Nadie duda de que el deporte es salud y que es importante el ejercicio físico, a menos que se caiga en un exceso maniático que lo neurotice, dando toda la importancia al aspecto físico y ninguna al bienestar psíquico. En demasiados casos se vincula la felicidad al hecho de tener un (imposible) cuerpo perfecto y esto ocurre sobre todo a las mujeres, al cuerpo de las mujeres, un cuerpo que en la intersección entre patriarcado y capitalismo se presenta fragmentado.

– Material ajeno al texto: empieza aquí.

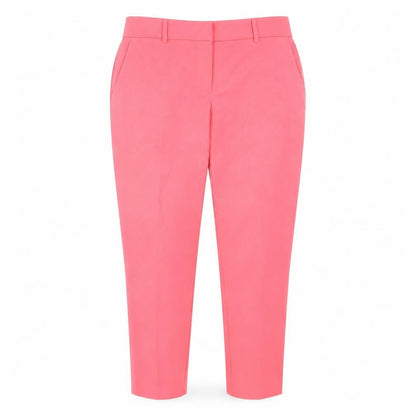 Dorothy Perkins Womens Pink Slim Chino Trousers Size 14
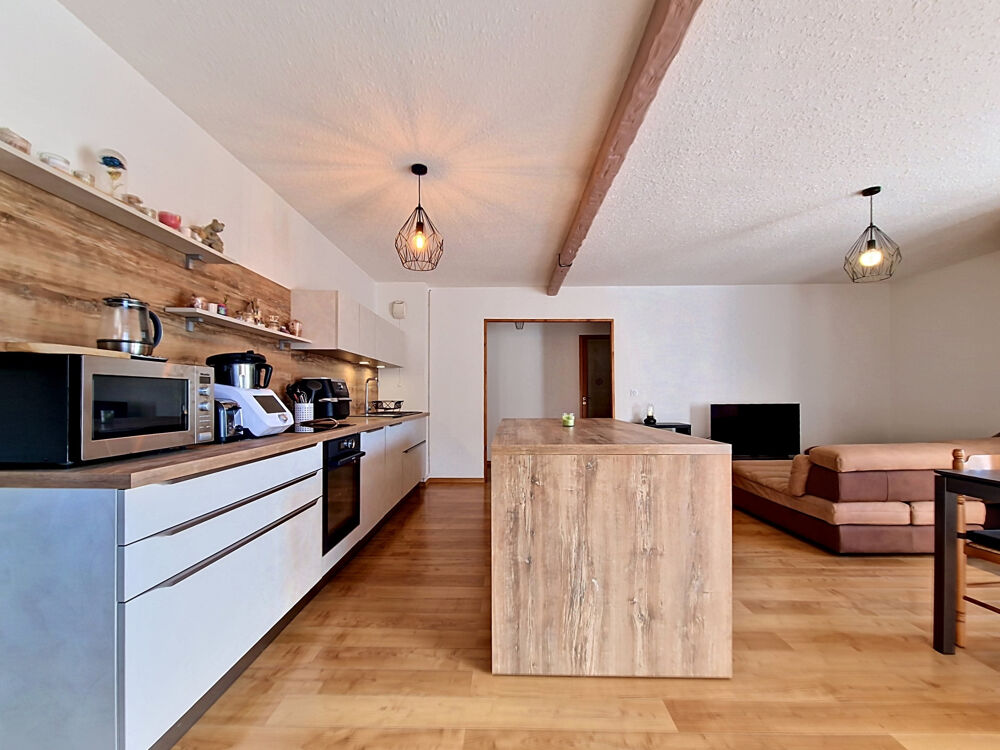 Vente Appartement Dernier étage avec terrasse : T3 a GIERES copro fermée   garage possible en sus du prix Gieres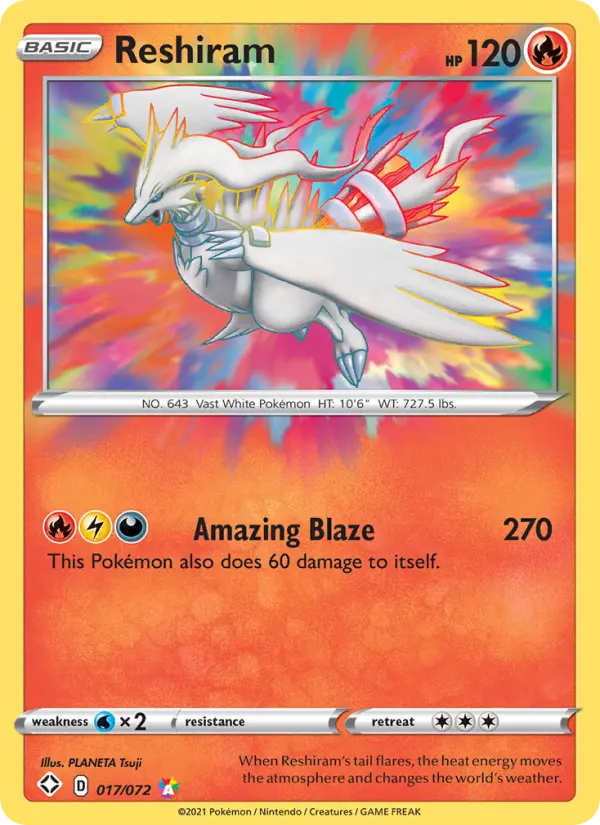 Reshiram - 17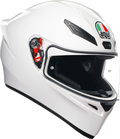 K1 S Solid Helmet - White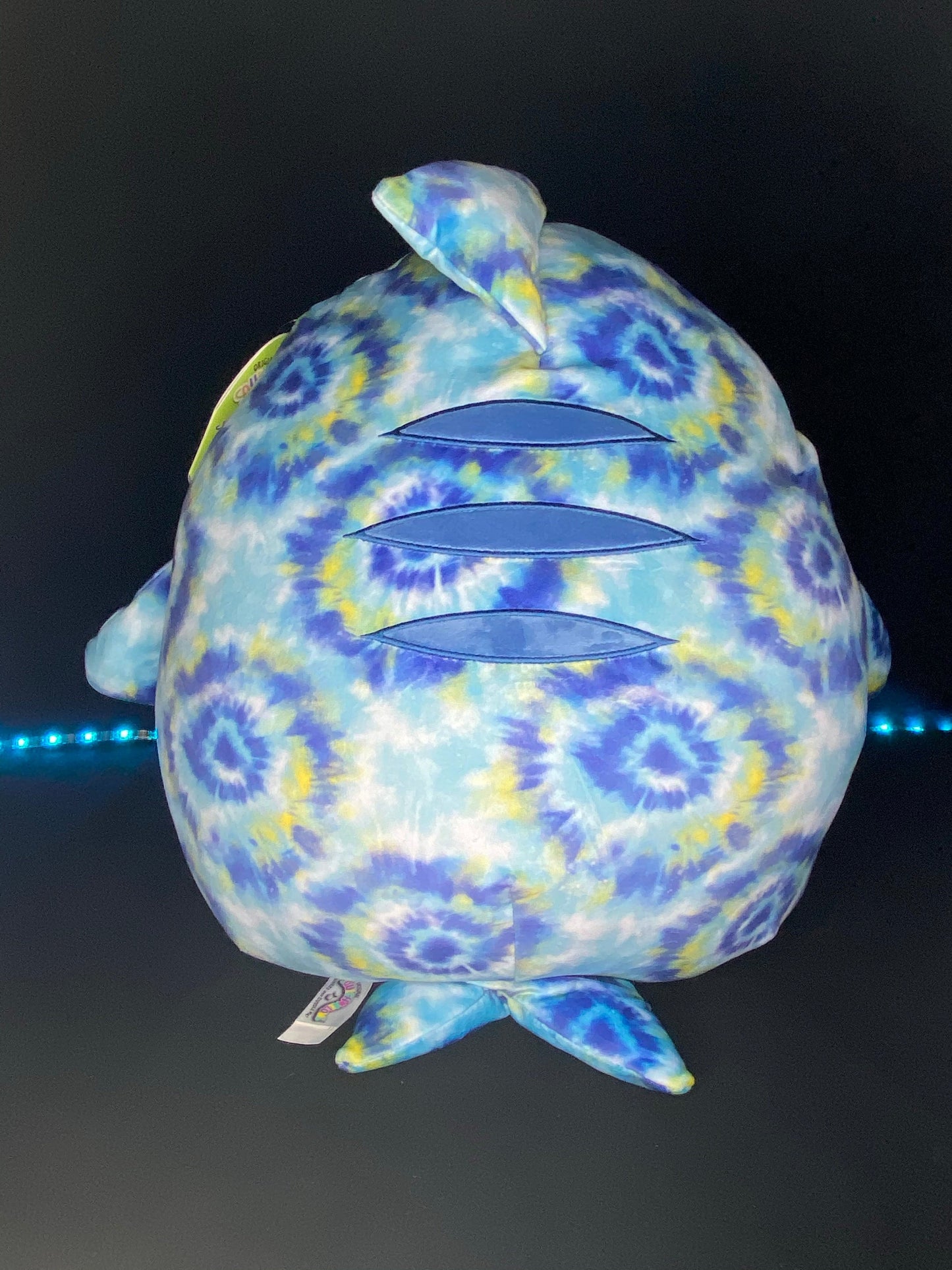 Squishmallow 16” Luther the Shark | Sweet Magnolia Charms.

Ha sucedido en todas las épocas, este malestar no es nuevo pero sí que adquiere nuevas formas conforme avanzan los tiempos. En el actual modelo patriarcal de dominación masculina la mujer es fragmentada física y mentalmente: se aprovechan las partes fáciles de consumir y se descartan, reprimen y/o anulan las partes incómodas. El hombre, sin embargo, es concebido como individuo integral: gordo, flaco, joven, viejo, infantil o maduro, su multiplicidad es aceptada como normal y conveniente.

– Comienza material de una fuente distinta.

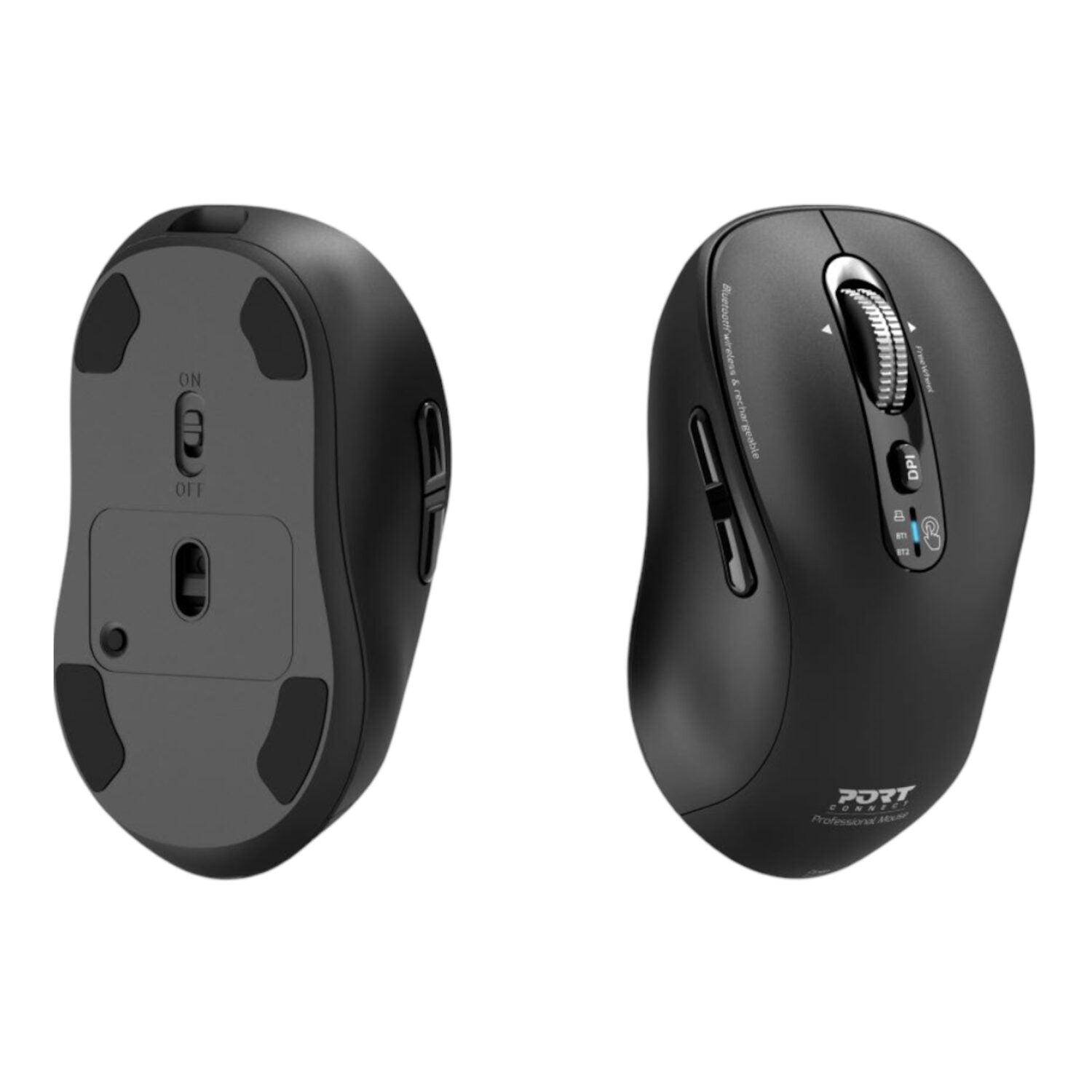 Image 3 for Port Connect Expert Wireless Bluetooth® Mouse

Por el contrario, la mujer ha de ser: delgada pero con enormes pechos, con aspecto infantil pero con libido de adulta, joven eterna hasta un punto ridículo y a ser posible no muy inteligente, y si lo es, al menos que no se le note. Y, por supuesto, que no hable mucho (hay un regaetton cuyo estribillo dice: «quiero una mujer que no diga ná, ná, ná»). Se busca una muñeca con vida, irreal y moldeable. Es un modelo de mujer que parece el fruto de la proyección fantasiosa de un adolescente. Esta fragmentación causa a las mujeres que se someten a ese juego para triunfar un gran sufrimiento físico: operaciones quirúrgicas, dietas absurdas, gimnasio, rayos uva.

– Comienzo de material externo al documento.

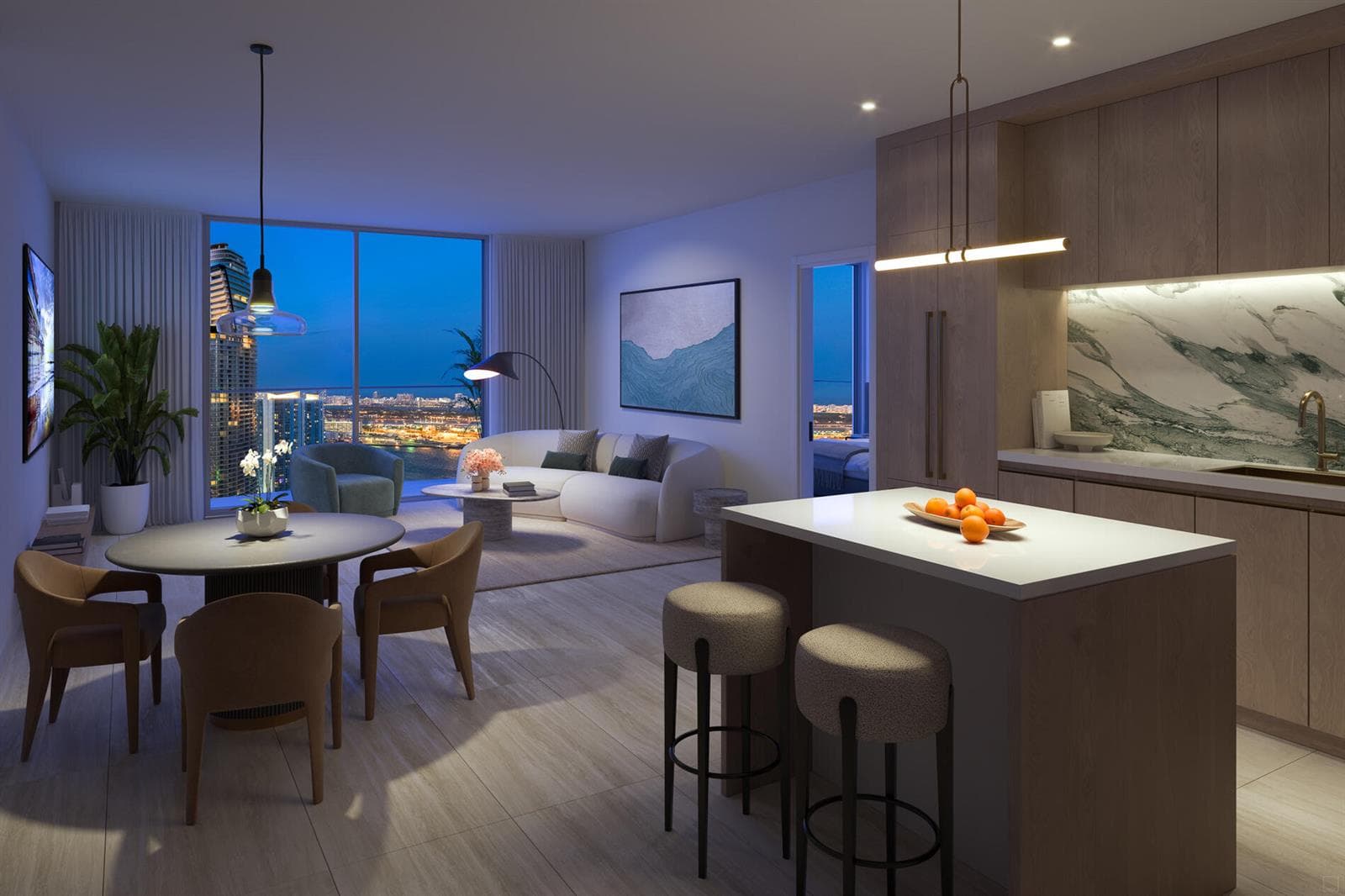 77 SE 5th Street # 2210, Miami FL 33131 — 20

Y también sufrimiento mental, pues estar dentro de la norma supone renunciar a aspectos de crecimiento personal: se exige ser acrítica, complaciente, sufrida y sumisa. Es la mujer ideal tanto para el patriarcado como para el capitalismo, esa alianza nefasta: aniñada y con grandes pechos operados, grandes labios también operados, que obedezca y esté siempre lista para el sexo, que no discuta y que esté siempre guapa. Todas iguales como si viniéramos en un único envase, lo que se sale de ese calibre, color y forma es descartado, en una especie de fordismo aplicado a los cuerpos.

El sufrimiento es tanto para las mujeres que se ajustan a la norma (por los sacrificios que deben hacer para ajustarse a ésta) como para las que están fuera de la pauta, pues son puro material de desecho: gordas, mayores, con gafas, desgarbadas, planas, quedan fuera del canon del triunfo. Recordad: sin tetas no hay paraíso.

Se nos exige un enorme esfuerzo para estar físicamente a la altura de lo que se espera de nosotras, esfuerzo que sin embargo no se reclama a los hombres. Vemos muy a menudo a mujeres estupendas al lado de hombres que parecen orcos. Ellos pueden tener sobrepeso, años, canas, arrugas, y no pasa nada. A la inversa es inconcebible, en las mujeres es imperdonable no estar perfectas. Y por mucho que nos esforcemos, en nosotras siempre hay un error, un defecto, una desviación, algo que corregir: estamos en permanente proceso de construcción, como si estuviéramos inacabadas.